Should an entry contain an image, leave the image out and repeat the entry's text exactly.

___

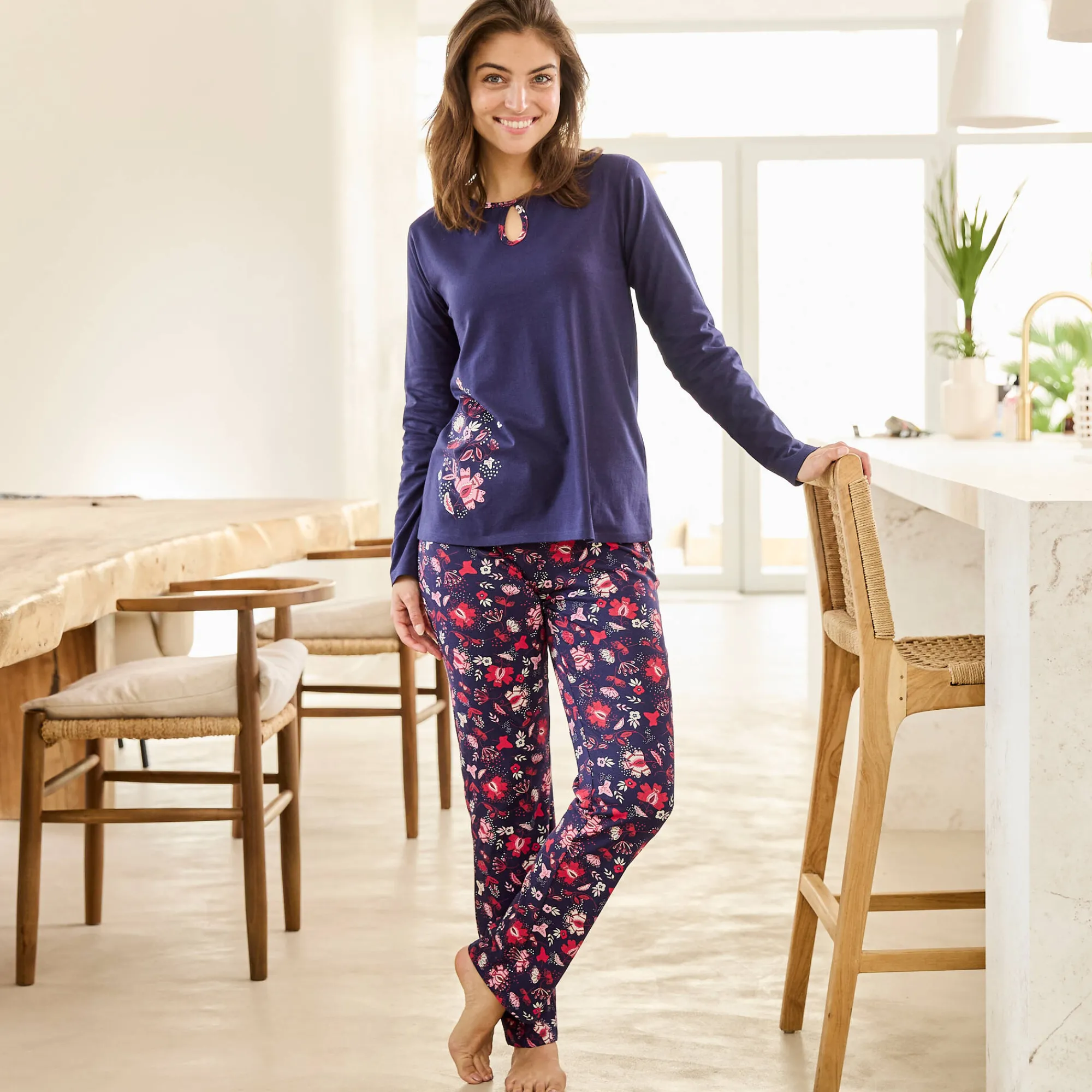Pyjama<Blancheporte Pyjamashirt met lange mouwen marine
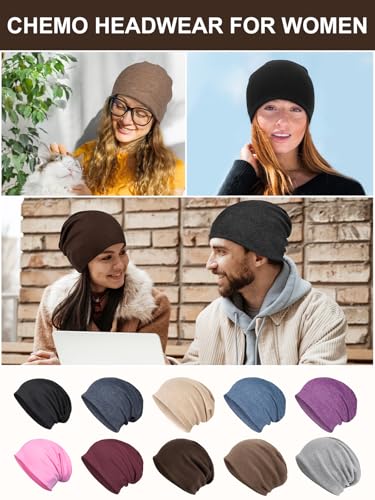 Large Grey Coffee Cotton Slouchy Beanie Hat for Women & Men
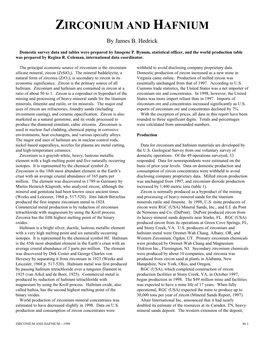 Zirconium and Hafnium in 1998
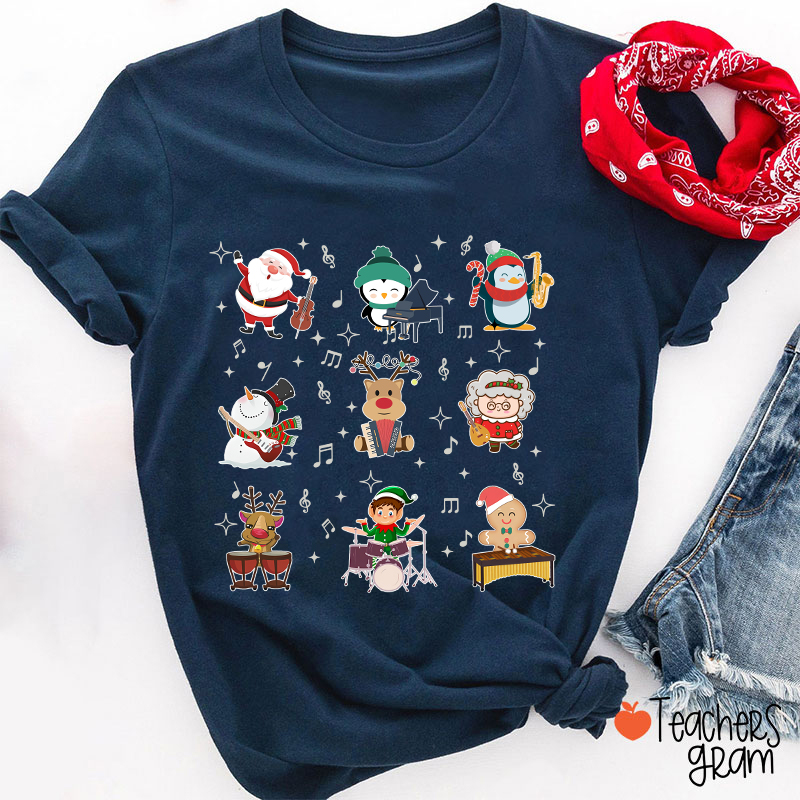 Cute Christmas Cartoons Playing Musical Instruments TeacherT-Shirt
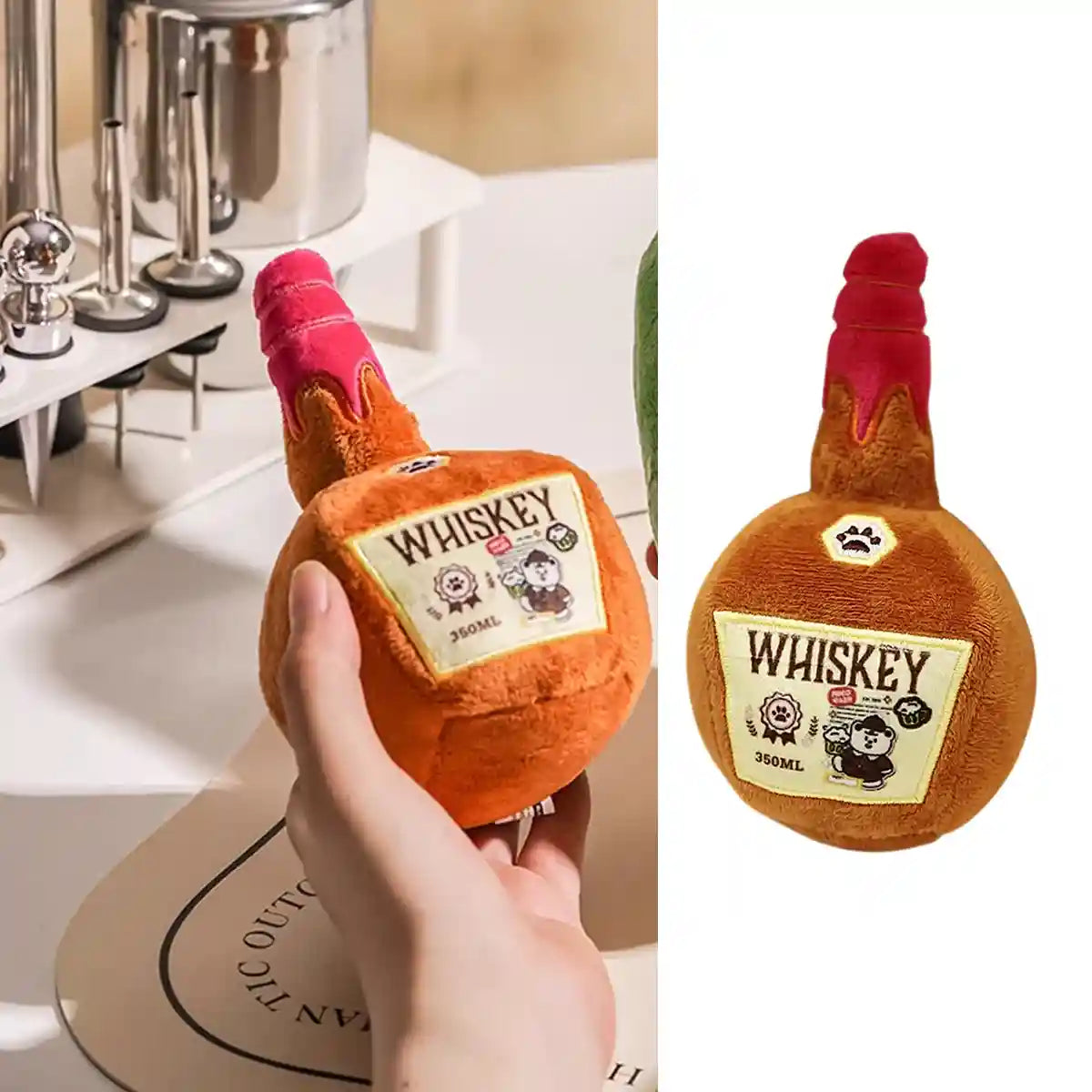 Whiskey Bottle Plush Dog Toy Crinkle Chew for Small and Medium Dogs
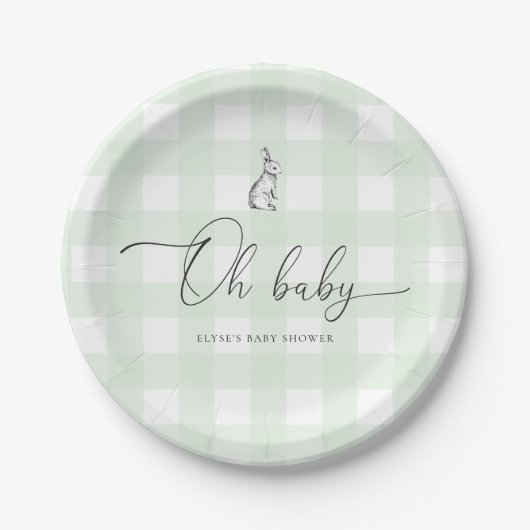 Mint Green Gingham Bunny Rabbit Baby Shower Pappteller (Vorderseite)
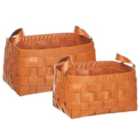 Beliani Set of 2 Baskets SIPPAR Faux Leather Golden Brown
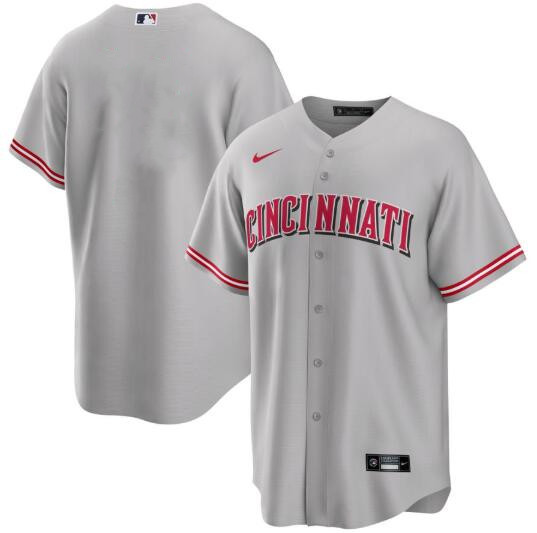 Men's Cincinnati Reds Blank Gray Cool Base Stitched Baseball Jersey Men's Cincinnati Reds Blank Gray Cool Base Stitched Baseball Jersey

___

Answer box
Pyjama<Blancheporte Pyjamashirt met lange mouwen marine
 Large Grey Coffee Cotton Slouchy Beanie Hat for Women & Men
 Zirconium and Hafnium in 1998
 Cute Christmas Cartoons Playing Musical Instruments TeacherT-Shirt
 Whiskey Bottle Plush Dog Toy Crinkle Chew for Small and Medium Dogs
 Mint Green Gingham Bunny Rabbit Baby Shower Pappteller (Vorderseite)
 Beliani Set of 2 Baskets SIPPAR Faux Leather Golden Brown
 Men's Cincinnati Reds Blank Gray Cool Base Stitched Baseball Jersey Men's Cincinnati Reds Blank Gray Cool Base Stitched Baseball Jersey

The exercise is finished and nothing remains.